Below are the 13(!) “answers” Sanders offered Cuomo, in chronological order. I’ve added a few thoughts (in the narrator voice of Ron Howard on “Arrested Development”) in italics after Sanders’ “answers.”
  1. “I know I answered this question on Monday. I answered it on Tuesday, and I’m going to answer it the same way today and you’re probably not going to like it anymore on Wednesday than it sounds like you liked it on Monday or Tuesday. But this is a legal matter and the appropriate individuals to answer questions on a legal matter are the outside counsel.” (She didn’t answer it. Not any of those times.)
  2. “This is a legal process and I would refer you to the appropriate venue to answer questions on a legal back-and-forth. And that is the President’s outside counsel. And that’s who you should ask those questions of.” (But, if it is a legal process now, why wasn’t it a legal process back in August 2017? The special counsel had already been formed!)
  3. “If you guys want to talk about questions that have to do with White House policy and substantive policy, I’m happy to try to answer those and do the best I can to provide you that information. If you want to talk about things that don’t have anything to do with me.”(This does have to do with the White House! This is about the fundamental credibility of the communications operation at the White House.)
  4. “I don’t understand having to answer the same question over and over and over again.” (She does understand. The reason is because she hasn’t answered it. Not once.)
  5. “No, that’s not true. I’ve answered it, you just didn’t like the answer. There’s a big difference between me answering it and you not liking the answer.” (There would be — if she had answered the question. Which she hasn’t.)
  6. “I’m not going to get into a back-and-forth with you. I’ve addressed it. The outside counsel has addressed it. They’ve answered this question over the last couple of days and I would refer you back to those comments.” (Please refer back to my past non-answers. Also, you’re welcome.)
  7. “I wish that we spent a lot less time focused on things the American people don’t care about. I wish we spent a lot less time talking about this witch hunt and that we talked about things that impact everyday Americans. I wish we spent a lot more time talking about the economy.” (This “witch hunt” has led to five guilty pleas, including from Trump’s deputy campaign chairman and his national security adviser.)

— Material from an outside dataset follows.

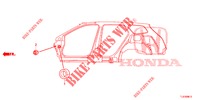 GROMMET (LATERAL) for Honda ACCORD TOURER DIESEL 2.2 ELEGANCE 5 Doors 6 speed manual 2014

  8. “I understand if you guys didn’t want to put the veterans (on air) … I think that’s a sad decision you made.” (Because you didn’t run the entirety of an event featuring veterans, you are a) against Donald Trump b) sad.)
  9. “Again, that’s a question you would have to ask the outside counsel. I’m not going to have a legal conversation with you here. If you want to talk about issues again that matter to the American people, I’m happy to do that.” (Whether the White House can be trusted to, you know, tell the truth is something the American public is interested in.)
  10. “I’ve answered this question multiple times. And no matter how many times I answer it for you, it’s not going to change. It’s the same one.” (She hasn’t. And she won’t.)
  11. “We are purposefully walling ourselves off and allowing the outside counsel to do their job. And we’re doing ours.” (But, but, but why then did she answer the question — insisting Trump did not dictate the statement — back in August 2017?)
  12. “I’m starting to regret sitting here, because I’ve answered the same question a million times.” (But, well, you haven’t answered it. Not even once.)
  13. “I’m very comfortable with my credibility and the fact that I think by sitting here right now and taking questions from you — shows the type of person I am, shows my effort to provide information. And frankly, to be in an environment that’s not exactly friendly, that’s not exactly one that I think a lot of people in my position would come and sit in. And I think that speaks a lot to my credibility. And if you want to focus on my credibility, I think that’s something you should certainly look at.” (Credibility is premised on telling the truth. Sanders is not doing that. The end.)